In Roe v. Wade, the Supreme Court ruled that the right of privacy enjoyed by all Americans protects a woman’s right to decide whether to terminate a pregnancy. During the first trimester, the state may not interfere with this right at all (though in subsequent trimesters the state may impose certain restrictions). A critical premise of the Court’s holding was that, at the early stages of pregnancy, the fetus is not a ‘‘person’’ for constitutional purposes.
This critical premise of Roe is obviously at odds with certain religious views, which consider a fetus a person from the moment of conception, or shortly thereafter. Indeed, in Roe, the Court recognized that the question of when life begins is fundamentally a religious question. In cases subsequent to Roe, the Court expressly held that a state is not permitted to adopt one theory of when life begins to justify its regulation of abortions (Akron v. Akron Center for Reproductive Health, Inc., 462 U.S. 416, 444, 1983).
Saying that the states may not regulate abortion on the basis of religious doctrine is one thing; enforcing that prohibition is quite another. There are three reasons for the difficulty of enforcing the Establishment Clause norm in the abortion context. First, determining why people believe what they believe presents difficult epistemological questions; a legislator may oppose abortion because Catholic doctrine holds that a fetus is a human being, or the legislator might be a physician who has purely secular reasons for believing that a fetus possesses human qualities. Second, distinguishing religious beliefs from nonreligious beliefs presents similarly daunting difficulties. Finally, the answer to the question of when life begins may indeed have religious and nonreligious influences.

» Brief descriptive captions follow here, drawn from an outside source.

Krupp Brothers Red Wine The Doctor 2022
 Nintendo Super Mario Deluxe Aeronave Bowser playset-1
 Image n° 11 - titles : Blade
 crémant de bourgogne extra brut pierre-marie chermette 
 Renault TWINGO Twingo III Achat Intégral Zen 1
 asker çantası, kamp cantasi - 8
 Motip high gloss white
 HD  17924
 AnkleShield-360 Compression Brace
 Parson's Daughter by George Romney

The complexity of invalidating Abortion Laws on the basis of the Establishment Clause is illustrated by Webster v. Reproductive Health Services, 492 U.S. 490 (1989), a case involving a challenge to a Missouri statute that placed various restrictions on the right to obtain an abortion. The preamble to the state statute asserted that life begins at conception—a statement clearly at odds with Roe and its progeny. Nevertheless, despite a powerful dissent from Justice Stevens that insisted that the statute reflected an ‘‘unequivocal enforcement’’ of religion—and was therefore in violation of the Establishment Clause—the Court upheld many of the law’s restrictions, reasoning that they could be justified by secular criteria unrelated to the statute’s preamble.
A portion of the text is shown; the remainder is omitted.